It’s time to take another look at how the half dozen versions of Android floating around the market. As essential as this information is to developers, it is also interesting to observe from a market analysis perspective. This month’s chart paints a positive picture, with a bit of foreboding in the air. All versions of Android have seen notable drops in numbers. That is, all except Android Lollipop, 5.0 and 5.1, which are now installed on as much as 21 percent of Android devices in the market.
Relatively speaking, it is Android 5.1 that actually saw the most significant increase, now at 5.1 percent, a 2.5 jump from last month’s 2.6 percent. Android 5.0 did rise but sadly only minimally, from 15.5 percent in August to 15.9 percent as of September 7. Still, it shows a very health adoption rate for the so far latest Android version, which has taken a fifth of the market in 6 months’ time.
As for the rest of the crew, everyone went down, even Android 4.4 KitKat, surprisingly. Android 2.2 Froyo is probably finally ready to throw in the towel at 0.2 percent, quite close to the 0.1 criteria that Google has for including Android versions in the list. Even the combined might of the Jelly Bean brothers wasn’t enough this time, now occupying 31.6 percent of the pie in total. And KitKat was nudged down just a wee bit from 39.3 to 39.2 percent.

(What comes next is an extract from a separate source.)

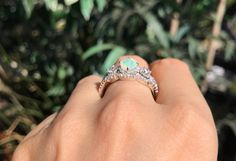 a woman's hand with a diamond ring on it and some bushes in the background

As encouraging as these numbers might look, there is one caveat to this never ending defragmentation quest. Android 6.0 Marshmallow is just around the corner, which will add yet another major milestone to Android, but also another stumbling block to unifying Android devices and versions to make things easier for developers and eventually for users as well.
SOURCE: Google
My question is: What is froyo, gingerbread and ice cream sandwich still doing there? Those should already be non existent.